After reading Eurydice and completely falling in love with both it and Sarah Ruhl, I decided to read another one of her plays. The first act of The Clean House was commissioned in 2000 by the McCarter Theatre Center in Princeton, NJ. It received its world premiere in its full-length form at Yale Repertory Theatre in New Haven, CT in 2004. It was also produced at the Goodman Theatre in Chicago in May 2006. An excerpt can be found here at Sarah Ruhl's website, but I read it in her anthology The Clean House and Other Plays, published in 2006. All of this information came directly from the text in the notes before the play.
Basic Plot
Lane and Charles, both doctors, are very busy and never see each other. Lane hires Matilde, a maid from Brazil, to clean her house. Matilde longs for her parents, who both died. Her father told her mother a joke, the best joke in the world, and she quite literally died from laughing, her father killing himself shortly thereafter. Matilde doesn't enjoy cleaning, so Virginia, Lane's sister, cleans for her while Matilde entertains Virginia with company and jokes. Coming up with and telling Brazilian jokes is Matilde's favorite thing to do.
One day when Virginia and Matilde are folding clothes, they come across red, silk underwear, "surely not Lane's". Charles is having an affair with one of his dying patients, Ana. Ana is Jewish, and their is a Jewish law, bashert, that states that if you find your soulmate, you are not required to stay with your married spouse, or feel guilty for leaving. Ana proceeds to take Lane's husband and maid, whom Lane fired, but then gets angry, everyone deciding to split Matilde's time between Lane/Virginia and Charles/Ana. While Charles searches for a cure for Ana, she moves in with Lane, who takes care of her. Finally, when Ana can take no more, she asks Matilde to tell her a joke so funny it will kill her. She does, Ana dies, Matilde tells the audience the story of how she thinks she was born, and the play ends.

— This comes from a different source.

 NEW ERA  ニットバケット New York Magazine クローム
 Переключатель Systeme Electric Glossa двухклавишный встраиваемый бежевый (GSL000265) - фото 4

(Note: The above is such a bland plot summary that I almost feel guilty for watering down Ruhl's play to these brief paragraphs. It's funny, beautiful, and I highly recommend giving it a read if you even slightly enjoyed Eurydice.)
Critical Take
The first dramaturgical choice Ruhl makes that I find noteworthy is the use of language as a binder and as a wall. Matilde, fluent in both American English and Brazilian Portuguese, has a very keen sense of humor that is hard to translate to English. Ruhl makes a note that all of her Brazilian jokes are just suggestions, and that she encourages the cast to come up with their own Brazilian jokes. Just like British humor, Brazilian humor is much different than what we're used to in the states. Lane and Virginia struggle to grasp her jokes, but Ana, from Argentina, delights in being able to communicate with Matilde in both Spanish and Portuguese. I find Ruhl's use of language very unique and exciting. When foreign languages are used in plays, we sometimes don't get translations (Chicago's Hunyak the Hungarian's "Not Guilty!" monologue is never translated). Ruhl included a section after her play with specific subtitles that are to be projected behind the actors. These subtitles include translating the Spanish and Portuguese that Ana and Matilde speak, as well as select stage directions that add another layer to scenes that are movement based and dialogue light. I thought it was brilliant that language could bond two characters together and simultaneously separate them from others.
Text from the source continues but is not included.